作曲家の日記です。ちなみに、野村誠のホームページは、こちらhttp://www.makotonomura.net/

リコーダー実験/自分も生まれる旅/ミワモキホアプポグンカマネ

安野太郎の『ゾンビ音楽』に捧げるリコーダー演奏を考えているうちに、2009年に子どもたちと編み出したペットボトルでリコーダーを演奏する演奏法を思い出す。あの時は7人ほどの子どもたちが一斉にペットボトルを股間に挟んでリコーダーに空気を送り込んで演奏してくれた。まずは、それを試す。ペットボトルとリコーダーの組み合わせと言えば、小日山拓也の「湯笛」という楽器もある。本日は、複数のリコーダーを口を使わずに、同時に演奏するところまでは、なんとか実現できた。

 

九州大学ソーシャルアートラボの本の校正。
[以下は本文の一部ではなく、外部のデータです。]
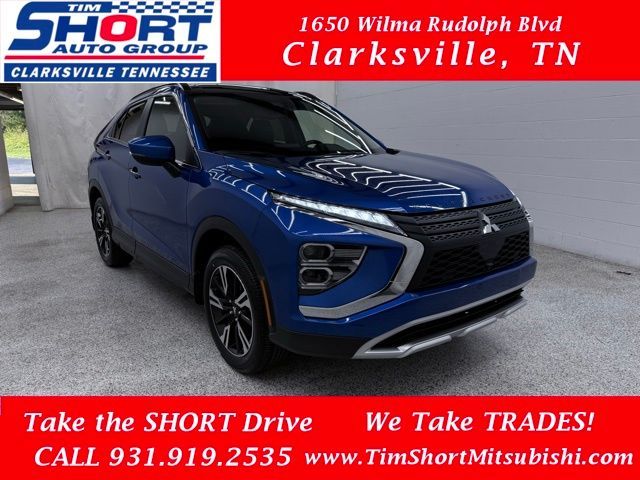 2025 Mitsubishi Eclipse Cross SE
武田力さんと野村誠の対談。伝統芸能と身体とアートマネジメントなどを巡る対話。校了!どんな本になるのか、他のページを読むのが楽しみだ。

 

自分も生まれる旅の河野有砂さんから、「自分も生まれる旅とノムラノピアノ」という本の原案が送られてきていて、その取り扱い説明書のような封筒を開封して中を見た。ぼくは、助産院で出産の現場に立ち会ったことはない。有砂さんは自身の出産という体験があまりにも特別な体験であったことをきっかけに、「生まれる」という非常にプライベートでなかなか覗き見ることもできない場面を、彼女なりのやり方で記録し始めた。育児や出産に全く関係ない分野のことにもつながるような感覚がある。ぼくはピアノを弾くことで、これまで関わってきたが、本をつくるとなると、楽譜だったり、文章だったり、ライブ演奏とは違うアプローチで、「生まれる」ことに取り組むことになる。3月になると比較的時間がとれそうなので、春に作曲したり、手書きの譜面を書いてみたりして、できることならば、自分自身がもう一度「生まれる」ようなことができたら嬉しいと思う。

 

自分も生まれる旅とノムラノピアノvol.2 #2 もしかしたら90億光年離れた星より遠いところ | 自分も生まれる旅 | blog | blog

 

今日は、野村誠作曲のチェロ協奏曲《ミワモキホアプポグンカマネ》のリハーサルをした。日本センチュリー交響楽団の北口さん(チェロ)、小川さん(ヴァイオリン)、森さん(ヴィオラ)、村田さん(コントラバス)、笠野さん(トロンボーン)、ロジャー(トロンボーン)と野村(ピアノ)で演奏するのだ。しかし、センチュリー響は、明後日の定期演奏会に向けて、バルトークリゲティなどを猛練習した後で、皆さん、ヘトヘトのはずなのに、野村作品の動画収録に向けてのリハーサルに、嫌な顔の一つもしないで、喜んで参加されているのが、ありがたい。3年ぶりにこの曲を演奏したけれども、懐かしいし、色々な場面が思い起こされる。若者の就労支援のプロジェクト『The Work』のワークショップの中から生まれてきたアイディアが詰まっているので、演奏しながら、当時のワークショップの様々な場面が想起される。北口くんのチェロの音色は、相変わらず本当に素晴らしいし、センチュリーの皆さんの演奏も力強く、このアンサンブルに一緒に参加できていることを、本当に貴重に思う。